According to the Chicago Tribune article, it is estimated that 5,000 women worldwide are massacred every year to "defend the family honor." What is happening here? According to the Qur'an, if someone fails to bring four witnesses to back up an accusation of adultery, then the accuser is punished severely. So why does this occur in the 21st century? What's next? Burying infant girls alive?

That is what Arabs, before Islam, used to do to their unwanted daughters. The Qur'an rejected and condemned this entrenched hostility towards the female more than 14 centuries ago: "For, whenever any of them is given the glad tiding of [the birth of] a girl, his face darkens, and he is filled with suppressed anger, avoiding all people because of the [alleged] evil of the glad tiding which he has received, [and debating within himself]: Shall he keep this [child] despite the contempt [which he feels for it]--or shall he bury it in the dust? Oh, evil indeed is whatever they decide! (16:58-59)"

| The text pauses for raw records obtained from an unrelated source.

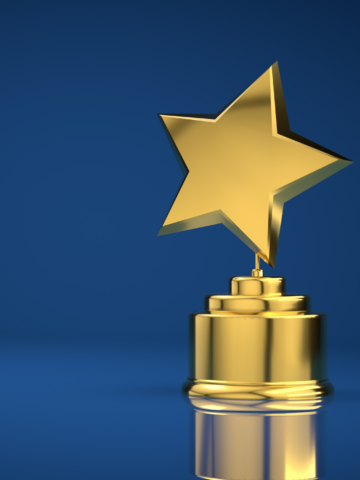 A gold trophy with a star set against a blue backdrop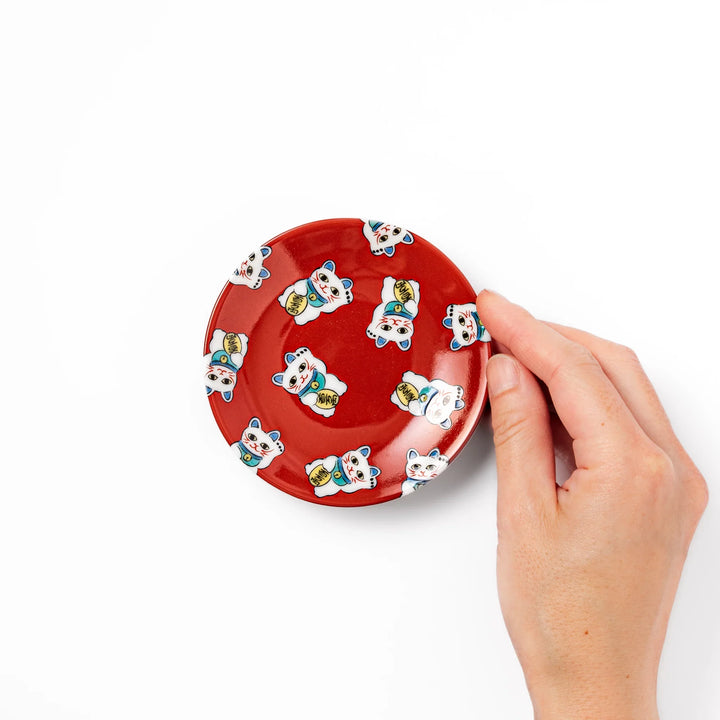 Round Japanese ceramic sauce dish with a red background decorated with playful maneki neko lucky cats, perfect for serving soy sauce or small condiments.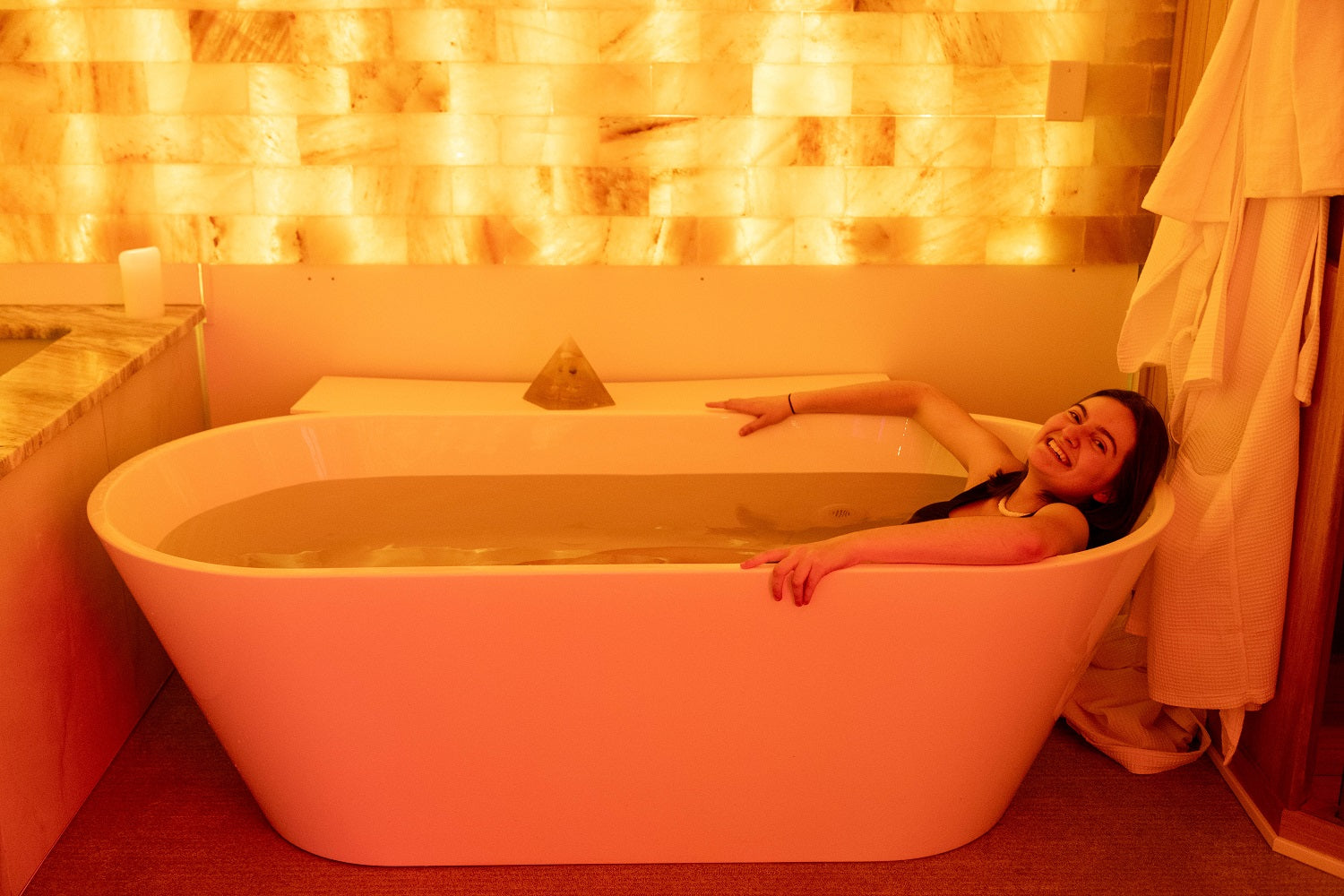 Woman refreshing and relaxing in the cold plunge pool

I mean with women being killed for "honor," all that is left is to start worshipping statues of wood and stone once again!

It is the return of the Sith, the evil Jedi who were supposed to have been destroyed years ago, but who secretly came back and formed the Galactic Empire in the Star Wars series. Similarly, the ugly face of "honor killings" has crept back into the fabric of Muslim societies when it should have been eliminated centuries before.

I have heard people try to explain it away by saying, "This is their culture. It is not our place to judge such behavior, no matter how repugnant." That kind of thinking is unacceptable. Innocent women and girls are being brutally murdered on mere pretense and accusation. No culture should tolerate such barbarity, and this should be especially true of Muslim-populated cultures. It is a cancer that must be removed from the body of the Muslim world, and it can only be done by Muslims themselves.

There has to be a major process of re-education to teach ignorant Muslims about how Islam condemned such practices more than 14 centuries ago. Moreover, those who commit such heinous crimes must be tried and punished according to the rule of law. With such clear verses in the Qur'an warning against the killing of young girls (and by extension anyone else), one would think such a process of re-education would be easy. Unfortunately old habits die hard. But this is one habit that has to die again, and this time for good.